- **ACTIVITY**
Go to the line holding "A hallway with" in the entries below and write out exactly every line down to and including the line holding "Portrait of Cute".

- **DATA SUPPLIED**
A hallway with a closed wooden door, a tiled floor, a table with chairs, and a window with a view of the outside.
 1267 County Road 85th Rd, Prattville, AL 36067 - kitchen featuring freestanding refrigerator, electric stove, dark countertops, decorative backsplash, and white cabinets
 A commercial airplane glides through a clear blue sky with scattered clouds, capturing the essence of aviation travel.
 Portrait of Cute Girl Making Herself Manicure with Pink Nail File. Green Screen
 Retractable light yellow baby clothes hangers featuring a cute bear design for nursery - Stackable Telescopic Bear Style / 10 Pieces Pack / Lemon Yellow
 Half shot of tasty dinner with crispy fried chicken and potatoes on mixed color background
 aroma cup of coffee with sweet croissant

==

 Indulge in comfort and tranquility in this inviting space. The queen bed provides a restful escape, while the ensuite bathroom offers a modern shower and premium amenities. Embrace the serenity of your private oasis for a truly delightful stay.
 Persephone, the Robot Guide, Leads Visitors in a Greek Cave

- **REPLY**
A hallway with a closed wooden door, a tiled floor, a table with chairs, and a window with a view of the outside.
 1267 County Road 85th Rd, Prattville, AL 36067 - kitchen featuring freestanding refrigerator, electric stove, dark countertops, decorative backsplash, and white cabinets
 A commercial airplane glides through a clear blue sky with scattered clouds, capturing the essence of aviation travel.
 Portrait of Cute Girl Making Herself Manicure with Pink Nail File. Green Screen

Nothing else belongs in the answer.